Who’s Using Banks? For What? Who’s Switching? And Why?

How Many Are Switching?

Worldwide, the number of customers planning to change banks has increased from 7% to 12%. The proportion of customers planning to change banks has increased since 2011, with 50% of customers globally citing high fees and charges as the primary reason.

Banking customers generally demonstrate increased sensitivity to high fees or rates on deposits and it is the primary reason that most switch their primary banks. U.S., Canadian and European banking customers cite poor rates on accounts as an important factor in switching banks.

Why Are U.S. Consumers Switching?

Customers appear to want more than a better deal; they want the flexibility to shape the relationship, contacting their bank whenever and however they choose. They may prefer online channels for simple transactions, but demand high-quality, personalized services for more complex transactions.

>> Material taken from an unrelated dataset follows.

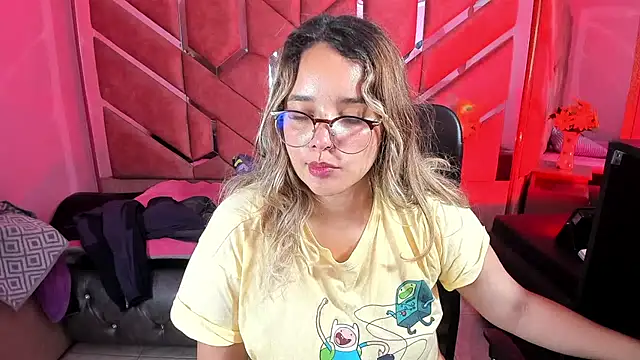 Snapshot of Olivia_Fox69 chatting on 21, 9, 2025 Olivia Fox69 online show from 21, 9, 2025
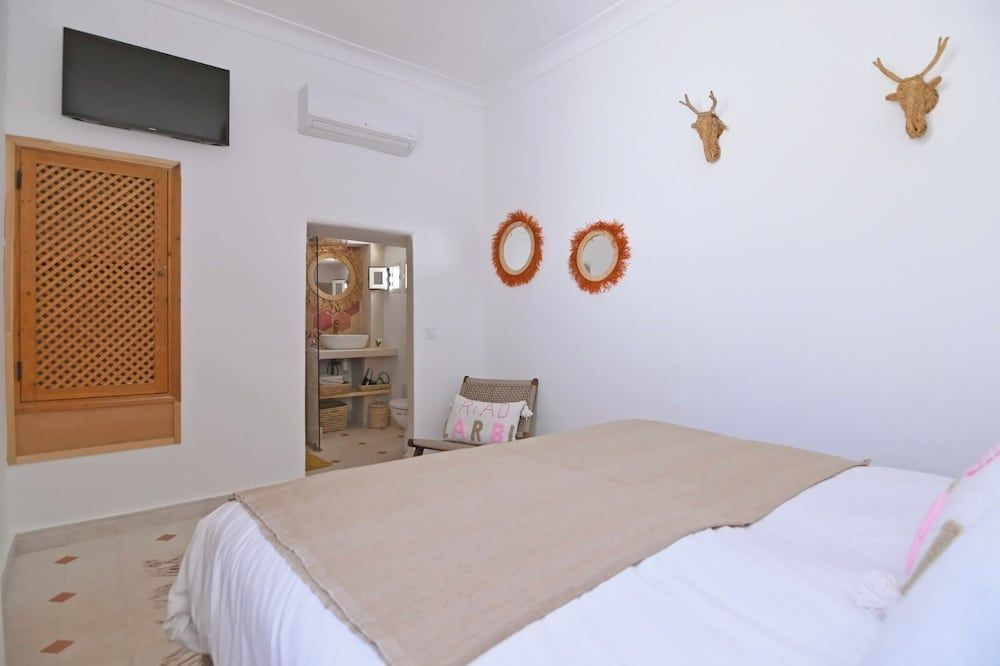 Riad Larbi Khalis 2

How Many Customers Have Ever Switched Banking Providers?

Worldwide, 34% of customers say they have changed their main banking provider and 74% have done so in the last 10 years. The overall figure is marginally lower than in 2011 but it conceals some wide variations across countries, with attrition rates rising significantly in several key markets. Specifically, in both the US and Canada, the number of respondents who have changed their main bank has increased from 38% in 2011 to 45% in 2012.

Which Institutions Consumers Use For Specific Financial Products

Satisfaction High, Trust Low

Although Ernst & Young found that overall satisfaction with banks remains high, trust levels remain low. Globally, consumer confidence in the banking industry has dropped 40%. In Europe’s more beleaguered countries it’s nearly double that — a 72% drop in Italy and 76% in Spain.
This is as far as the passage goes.